Web page caption snippets:
-----

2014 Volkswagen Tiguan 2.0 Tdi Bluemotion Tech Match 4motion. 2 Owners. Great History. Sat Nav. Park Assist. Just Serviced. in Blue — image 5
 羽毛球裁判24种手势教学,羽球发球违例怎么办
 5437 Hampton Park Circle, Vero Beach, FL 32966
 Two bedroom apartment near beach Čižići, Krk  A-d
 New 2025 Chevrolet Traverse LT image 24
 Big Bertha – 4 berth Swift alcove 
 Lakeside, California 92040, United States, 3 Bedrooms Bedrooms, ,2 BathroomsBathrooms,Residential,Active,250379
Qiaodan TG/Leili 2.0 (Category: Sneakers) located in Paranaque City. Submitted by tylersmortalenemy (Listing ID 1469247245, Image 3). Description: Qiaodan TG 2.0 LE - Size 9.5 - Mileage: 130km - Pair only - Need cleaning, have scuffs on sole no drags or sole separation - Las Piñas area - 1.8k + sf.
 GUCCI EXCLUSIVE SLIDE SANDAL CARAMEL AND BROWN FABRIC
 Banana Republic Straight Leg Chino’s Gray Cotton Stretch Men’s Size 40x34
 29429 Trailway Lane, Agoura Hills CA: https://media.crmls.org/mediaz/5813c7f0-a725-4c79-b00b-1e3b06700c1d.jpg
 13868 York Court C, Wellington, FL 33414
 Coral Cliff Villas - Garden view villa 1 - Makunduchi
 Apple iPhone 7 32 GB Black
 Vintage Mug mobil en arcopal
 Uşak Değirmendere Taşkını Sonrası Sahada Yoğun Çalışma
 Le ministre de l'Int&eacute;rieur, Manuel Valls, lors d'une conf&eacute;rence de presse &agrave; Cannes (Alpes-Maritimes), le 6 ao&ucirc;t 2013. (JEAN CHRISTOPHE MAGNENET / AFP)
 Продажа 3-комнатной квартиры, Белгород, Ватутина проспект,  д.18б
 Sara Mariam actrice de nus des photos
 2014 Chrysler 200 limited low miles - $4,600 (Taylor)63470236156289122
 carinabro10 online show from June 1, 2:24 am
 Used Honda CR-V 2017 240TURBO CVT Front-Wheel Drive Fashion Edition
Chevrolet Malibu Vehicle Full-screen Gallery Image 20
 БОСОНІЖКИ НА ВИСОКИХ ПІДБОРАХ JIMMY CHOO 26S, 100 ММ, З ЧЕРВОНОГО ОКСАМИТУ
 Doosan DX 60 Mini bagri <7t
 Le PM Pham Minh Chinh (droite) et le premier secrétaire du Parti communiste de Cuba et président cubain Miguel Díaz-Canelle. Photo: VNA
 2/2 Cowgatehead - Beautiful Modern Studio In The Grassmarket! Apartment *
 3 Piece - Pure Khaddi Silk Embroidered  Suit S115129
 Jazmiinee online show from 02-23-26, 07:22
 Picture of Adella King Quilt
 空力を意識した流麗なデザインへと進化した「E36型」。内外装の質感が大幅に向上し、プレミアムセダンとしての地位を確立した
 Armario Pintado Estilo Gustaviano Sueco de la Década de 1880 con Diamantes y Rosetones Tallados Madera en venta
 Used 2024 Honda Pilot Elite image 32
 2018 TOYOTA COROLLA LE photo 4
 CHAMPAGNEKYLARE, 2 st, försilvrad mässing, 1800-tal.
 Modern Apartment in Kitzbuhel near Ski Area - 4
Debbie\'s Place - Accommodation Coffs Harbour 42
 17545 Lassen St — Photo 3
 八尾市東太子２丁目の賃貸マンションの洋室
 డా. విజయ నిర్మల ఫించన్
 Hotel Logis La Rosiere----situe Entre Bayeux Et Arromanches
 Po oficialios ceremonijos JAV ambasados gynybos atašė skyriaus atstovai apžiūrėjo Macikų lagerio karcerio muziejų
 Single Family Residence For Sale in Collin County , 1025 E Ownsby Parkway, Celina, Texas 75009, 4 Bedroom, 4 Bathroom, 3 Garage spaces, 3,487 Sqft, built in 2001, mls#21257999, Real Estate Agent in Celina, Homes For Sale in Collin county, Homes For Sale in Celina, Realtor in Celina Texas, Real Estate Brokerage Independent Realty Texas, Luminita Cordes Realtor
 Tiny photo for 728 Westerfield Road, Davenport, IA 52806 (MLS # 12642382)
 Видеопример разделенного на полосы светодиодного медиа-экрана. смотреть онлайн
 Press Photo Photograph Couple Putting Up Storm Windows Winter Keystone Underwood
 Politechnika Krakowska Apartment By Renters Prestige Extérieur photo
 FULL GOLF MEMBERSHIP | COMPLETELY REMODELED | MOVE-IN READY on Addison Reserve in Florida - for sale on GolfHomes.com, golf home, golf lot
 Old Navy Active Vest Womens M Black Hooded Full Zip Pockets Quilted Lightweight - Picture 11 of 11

-----

## INSTRUCTIONS TO FOLLOW
Could you type out every entry again exactly as it stands?

## SOLVED PROBLEM
2014 Volkswagen Tiguan 2.0 Tdi Bluemotion Tech Match 4motion. 2 Owners. Great History. Sat Nav. Park Assist. Just Serviced. in Blue — image 5
 羽毛球裁判24种手势教学,羽球发球违例怎么办
 5437 Hampton Park Circle, Vero Beach, FL 32966
 Two bedroom apartment near beach Čižići, Krk  A-d
 New 2025 Chevrolet Traverse LT image 24
 Big Bertha – 4 berth Swift alcove 
 Lakeside, California 92040, United States, 3 Bedrooms Bedrooms, ,2 BathroomsBathrooms,Residential,Active,250379
Qiaodan TG/Leili 2.0 (Category: Sneakers) located in Paranaque City. Submitted by tylersmortalenemy (Listing ID 1469247245, Image 3). Description: Qiaodan TG 2.0 LE - Size 9.5 - Mileage: 130km - Pair only - Need cleaning, have scuffs on sole no drags or sole separation - Las Piñas area - 1.8k + sf.
 GUCCI EXCLUSIVE SLIDE SANDAL CARAMEL AND BROWN FABRIC
 Banana Republic Straight Leg Chino’s Gray Cotton Stretch Men’s Size 40x34
 29429 Trailway Lane, Agoura Hills CA: https://media.crmls.org/mediaz/5813c7f0-a725-4c79-b00b-1e3b06700c1d.jpg
 13868 York Court C, Wellington, FL 33414
 Coral Cliff Villas - Garden view villa 1 - Makunduchi
 Apple iPhone 7 32 GB Black
 Vintage Mug mobil en arcopal
 Uşak Değirmendere Taşkını Sonrası Sahada Yoğun Çalışma
 Le ministre de l'Int&eacute;rieur, Manuel Valls, lors d'une conf&eacute;rence de presse &agrave; Cannes (Alpes-Maritimes), le 6 ao&ucirc;t 2013. (JEAN CHRISTOPHE MAGNENET / AFP)
 Продажа 3-комнатной квартиры, Белгород, Ватутина проспект,  д.18б
 Sara Mariam actrice de nus des photos
 2014 Chrysler 200 limited low miles - $4,600 (Taylor)63470236156289122
 carinabro10 online show from June 1, 2:24 am
 Used Honda CR-V 2017 240TURBO CVT Front-Wheel Drive Fashion Edition
Chevrolet Malibu Vehicle Full-screen Gallery Image 20
 БОСОНІЖКИ НА ВИСОКИХ ПІДБОРАХ JIMMY CHOO 26S, 100 ММ, З ЧЕРВОНОГО ОКСАМИТУ
 Doosan DX 60 Mini bagri <7t
 Le PM Pham Minh Chinh (droite) et le premier secrétaire du Parti communiste de Cuba et président cubain Miguel Díaz-Canelle. Photo: VNA
 2/2 Cowgatehead - Beautiful Modern Studio In The Grassmarket! Apartment *
 3 Piece - Pure Khaddi Silk Embroidered  Suit S115129
 Jazmiinee online show from 02-23-26, 07:22
 Picture of Adella King Quilt
 空力を意識した流麗なデザインへと進化した「E36型」。内外装の質感が大幅に向上し、プレミアムセダンとしての地位を確立した
 Armario Pintado Estilo Gustaviano Sueco de la Década de 1880 con Diamantes y Rosetones Tallados Madera en venta
 Used 2024 Honda Pilot Elite image 32
 2018 TOYOTA COROLLA LE photo 4
 CHAMPAGNEKYLARE, 2 st, försilvrad mässing, 1800-tal.
 Modern Apartment in Kitzbuhel near Ski Area - 4
Debbie\'s Place - Accommodation Coffs Harbour 42
 17545 Lassen St — Photo 3
 八尾市東太子２丁目の賃貸マンションの洋室
 డా. విజయ నిర్మల ఫించన్
 Hotel Logis La Rosiere----situe Entre Bayeux Et Arromanches
 Po oficialios ceremonijos JAV ambasados gynybos atašė skyriaus atstovai apžiūrėjo Macikų lagerio karcerio muziejų
 Single Family Residence For Sale in Collin County , 1025 E Ownsby Parkway, Celina, Texas 75009, 4 Bedroom, 4 Bathroom, 3 Garage spaces, 3,487 Sqft, built in 2001, mls#21257999, Real Estate Agent in Celina, Homes For Sale in Collin county, Homes For Sale in Celina, Realtor in Celina Texas, Real Estate Brokerage Independent Realty Texas, Luminita Cordes Realtor
 Tiny photo for 728 Westerfield Road, Davenport, IA 52806 (MLS # 12642382)
 Видеопример разделенного на полосы светодиодного медиа-экрана. смотреть онлайн
 Press Photo Photograph Couple Putting Up Storm Windows Winter Keystone Underwood
 Politechnika Krakowska Apartment By Renters Prestige Extérieur photo
 FULL GOLF MEMBERSHIP | COMPLETELY REMODELED | MOVE-IN READY on Addison Reserve in Florida - for sale on GolfHomes.com, golf home, golf lot
 Old Navy Active Vest Womens M Black Hooded Full Zip Pockets Quilted Lightweight - Picture 11 of 11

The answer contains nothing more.